A host of studies indicates that garlic and fish oil are good for the heart. In many of them, diets rich in garlic led to a lowering of low-density-lipoprotein (LDL) cholesterol -- the so-called bad cholesterol. Similarly, diets high in fish or supplemented with fish-oil capsules have been shown to lower triglycerides -- fatty substances that represent a major risk factor for cardiovascular disease.
To date, however, neither food has won unconditional endorsement from cardiologists. Garlic's LDL lowering has typically been in the range of about 5 percent, well below that needed by most individuals worried about heart disease.
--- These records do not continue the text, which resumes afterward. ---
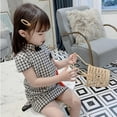 thumbnail image 3 of Toddler Baby Girl Dress Chinese Asian Qipao Plaid/Floral Printed Cheongsam Short Sleeve Summer Dress 1-6 Years, 3 of 5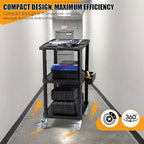 ELAFROS Heavy Duty Utility Cart, 27.5 x 18.25 Inch, 3-Tier Rolling Cart, Industrial Plastic, 330 lbs Capacity, Flat Top Shelves with Swivel Wheels - Multipurpose Work Cart
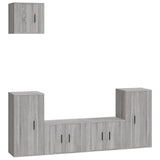 5 Piece TV Cabinet Set Grey Sonoma Engineered Wood - Front View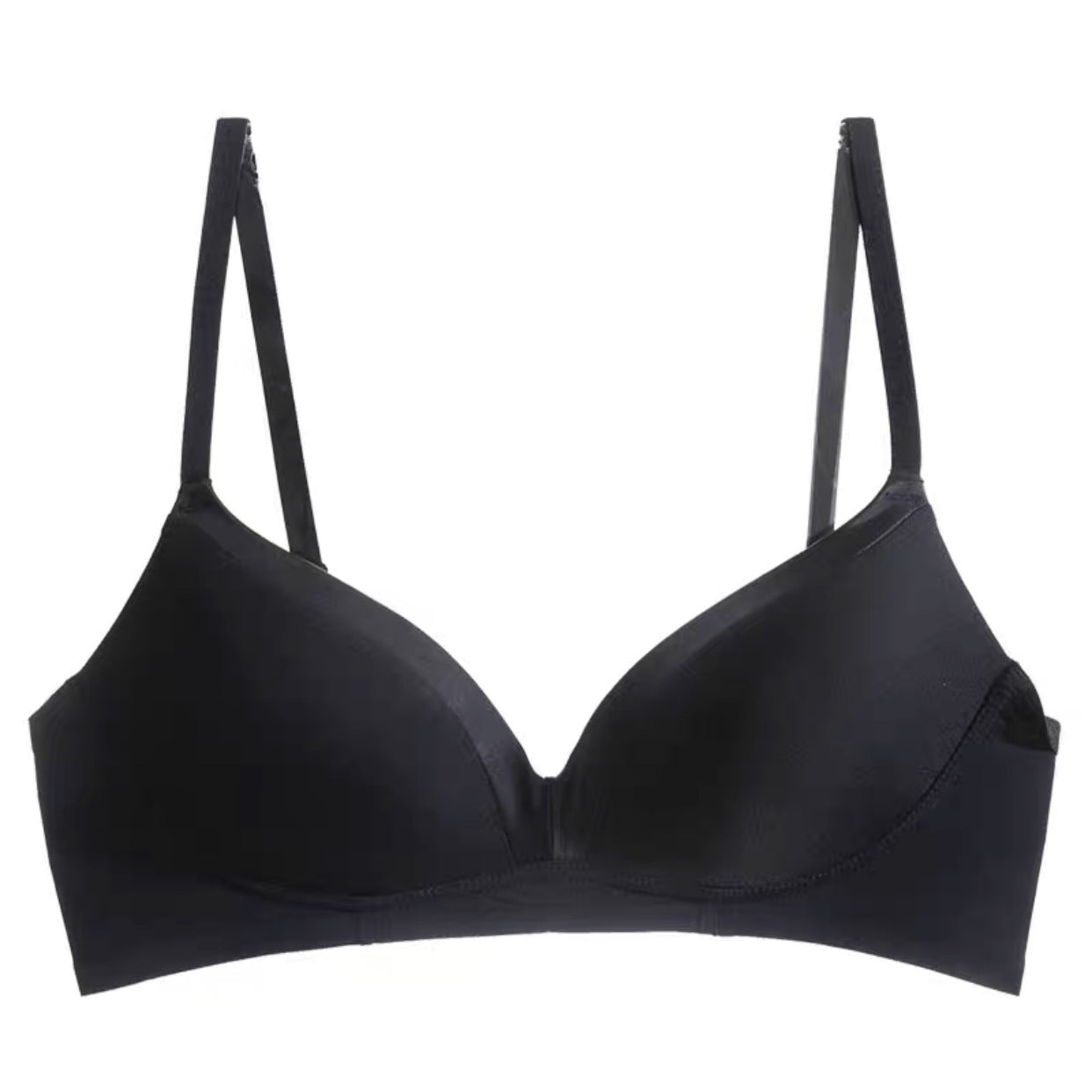 Satin Stitching French Sexy Triangle Cup Micro Push Up Without Steel Ring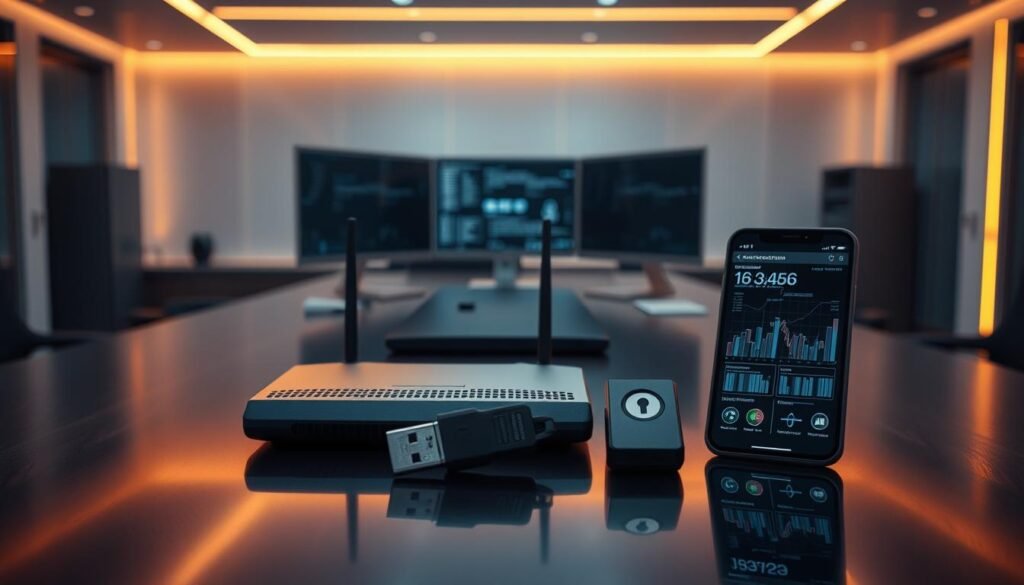 A high-tech, minimalist office space with an imposing desk and sleek computer monitors. Warm, directional lighting illuminates a selection of cybersecurity tools neatly arranged on the desktop - a network router, a USB security key, and a smartphone displaying security analytics. The background is blurred, emphasizing the focus on the security selection. Subtle reflections on the polished surfaces create a sense of depth and professionalism. The overall mood is one of thoughtful, methodical decision-making around the optimal cybersecurity tools for a modern workplace.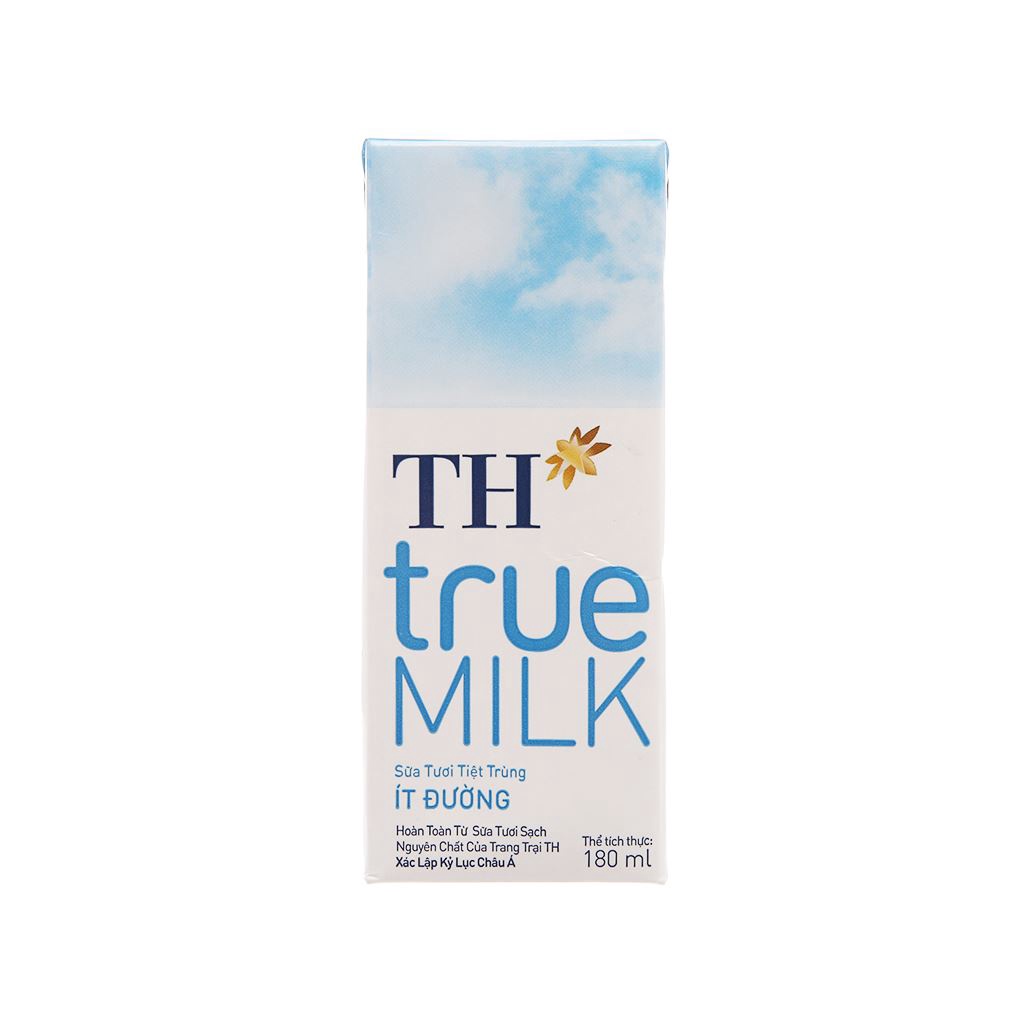 Combo 2 hộp sữa tươi tiệt trùng ít đường TH true MILK 180ml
Though fish oil's triglyceride-plummeting ability has been more impressive, on a par with that offered by prescription drugs, they come with a major drawback: a significant elevation in LDL cholesterol, itself a major risk factor for heart disease.
Currently, Holub says, people at risk of heart disease often receive advice to modify their diet -- lowering their consumption of saturated fats and cholesterol and increasing their intake of vegetables and fiber. If this doesn't bring a dramatic reduction in the artery-clogging lipids circulating in their blood, the next step is usually prescription drugs.
"We'd like to change that approach," the nutrition scientist says. Before they switch patients to expensive drugs, he would like physicians to consider prescribing "nutritional supplements that have been shown effective and safe" -- like the garlic - fish oil combo.
In other words, he'd like physicians to add nutraceuticals -- foods, food-derived compounds, dietary supplements, or natural food additives that have been demonstrated to offer health benefits -- to the pharmacopoeia of agents they now employ to treat or ward off disease.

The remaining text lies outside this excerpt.